Giants upset Packers, head to Super Bowl
Published 12:04 am Monday, January 21, 2008
GREEN BAY, Wis. — As the ball sailed through the uprights, as his and every other New York Giant’s dreams were fulfilled, Shaun O’Hara thought of one word.
“Redemption,” he said.
That’s for every Giant, starting with coach Tom Coughlin — who needed a winning season to keep his job — down to the players who got smoked by the Dallas Cowboys and Green Bay Packers to start the season, who felt they were written off after allowing 80 points while falling to 0-2.
Sunday night, Lawrence Tynes joined the group of the redeemed. He missed two field-goal tries with an opportunity to snap a 20-20 tie, the last a 36-yarder as the regulation clock hit all zeroes. But with the help of two more Giants looking to right some early-season wrongs — cornerback Corey Webster and quarterback Eli Manning — Tynes got a third chance. And his 47-yard field goal 2:35 into overtime beat Brett Favre and the Packers, 23-20, to send the Giants to Super Bowl XLII and a date with the unbeaten New England in two weeks. The Patriots are early 131/2-point favorites.
“The thing I’m most proud of is the way we hang together and the way we never say die,” said Coughlin, who will coach in a Super Bowl for the first time. “No matter what the odds are, we keep scrapping, we keep working and finding a way to win.”
In becoming the first NFC team to win three consecutive road playoff games and the first NFL team ever to win 10 straight road games in a season, the Giants made it tougher on themselves Sunday night than even a minus-23 degree wind chill at game time could do.

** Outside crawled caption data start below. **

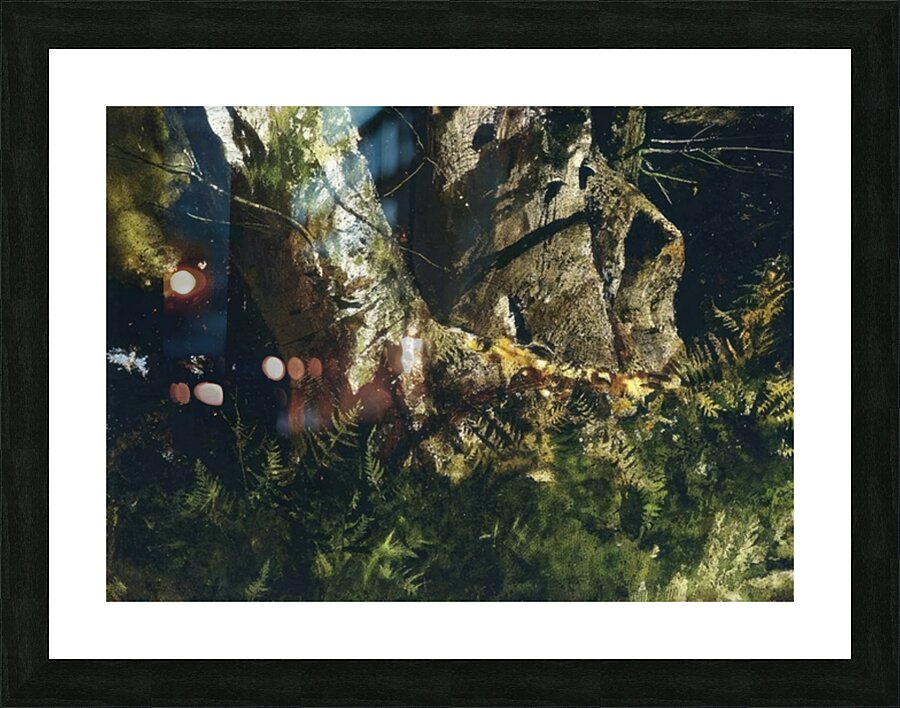 Walking Stick   Contemporary Realism - Andrew Wyeth Picture Frame print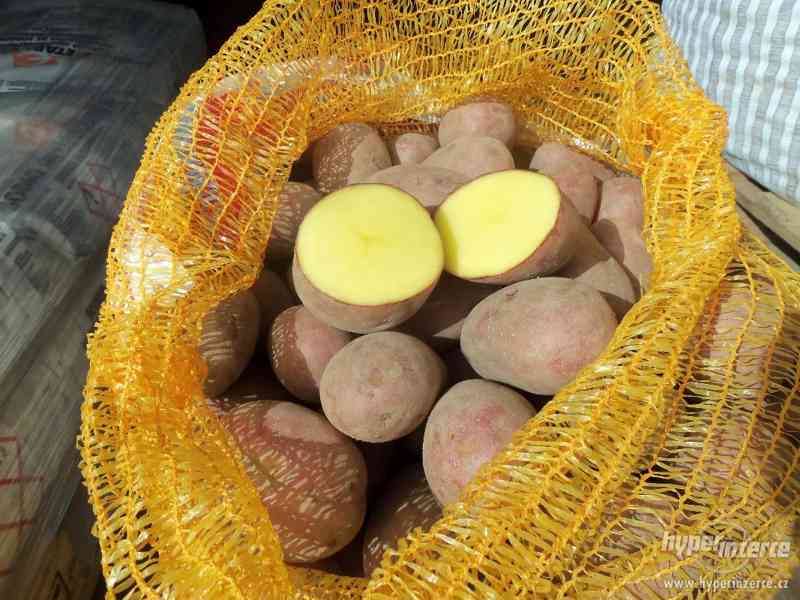Prodám kvalitní konzumní brambory 9kč/kg - foto 2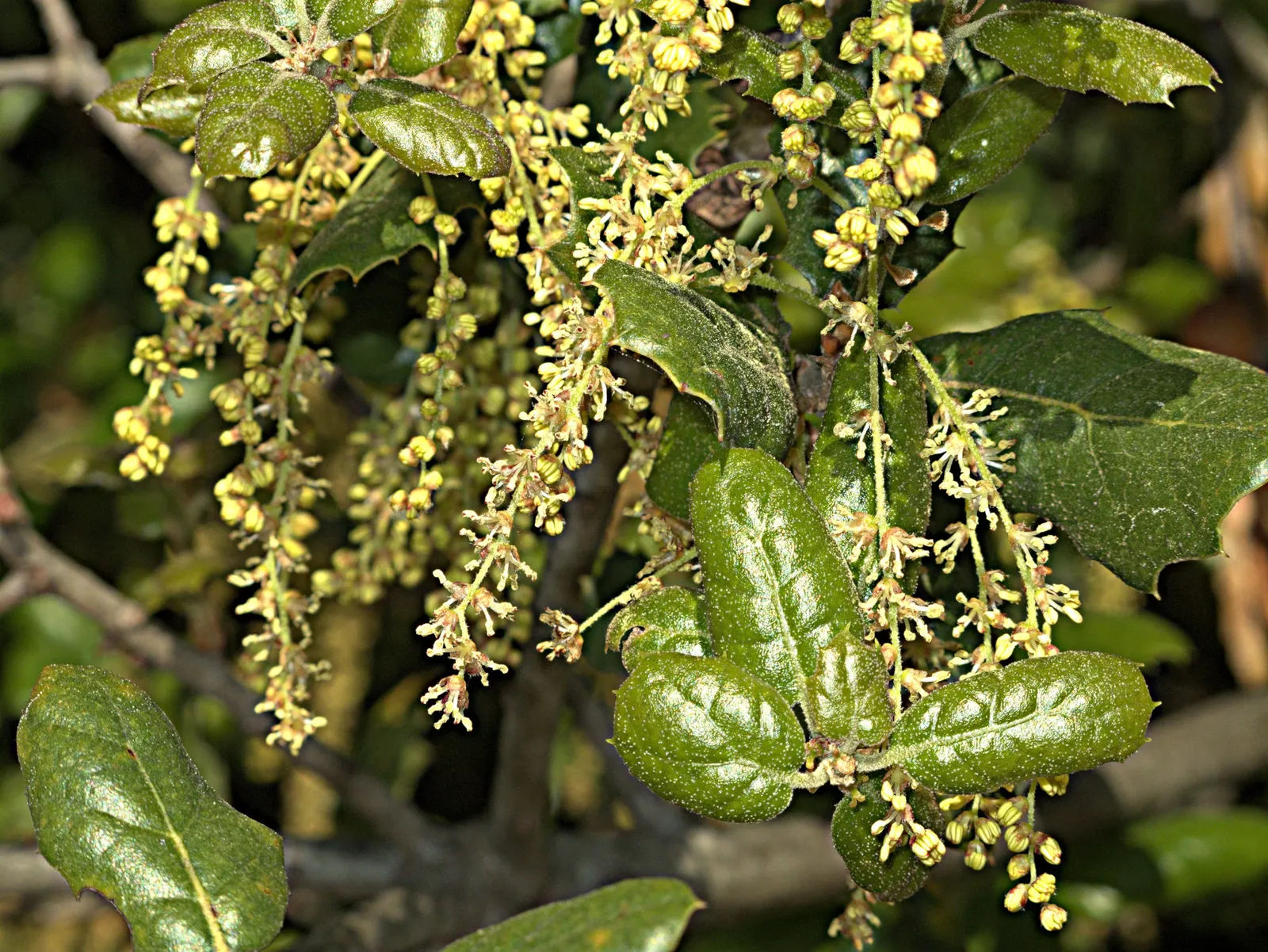 Coast Live Oak (Quercus agrifolia) — the tree produces inconspicuous yellowish catkins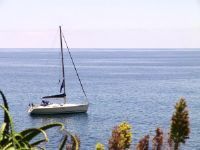 Dufour 385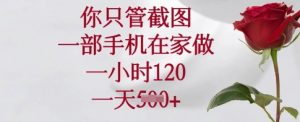 你只管截图，一部手机在家做，一小时120.一天5张【揭秘】_网创资源库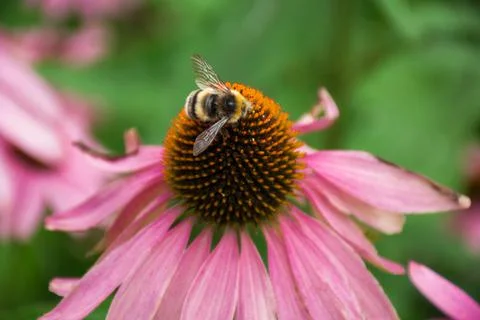 Bee on the pollen of the flower Stock Photos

But Webster picked off Favre at the Green Bay 43 and returned it to the 34 on the second play of OT. After Ahmad Bradshaw picked up five yards on two carries and Steve Smith had a quick pass crunch off his fingertips — one of a half-dozen drops in the frigid air — Tynes kicked his third field goal to end it.
With the Packers at the Giants’ 31, Favre also was picked off by R.W. McQuarters at the 8 on the second play of the fourth quarter but got a break when McQuarters fumbled on the interception return and Packers tackle Mark Tauscher recovered at the 19, setting up the Green Bay field goal that tied it at 20-20.
In between the two picks, Favre was not the greatest quarterback who ever lived. He was just another big name who was silenced by the indefatigable Giants defense, going 3-for-7 for 12 yards. There was no Lambeau magic for the 38-year-old who could do no wrong before his faithful this season.
Webster, who was dropped from the starting lineup and then the active roster for a week at midseason, had his second interception of the playoffs and a good turnaround within Sunday night’s game. He picked off Favre by stepping in front of Donald Driver, who much earlier had thrown Webster to the side during a jam off the line, caught Favre’s pass and streaked down the field for a 90-yard touchdown 3:42 into the second quarter, a play that gave the Packers a 7-6 lead.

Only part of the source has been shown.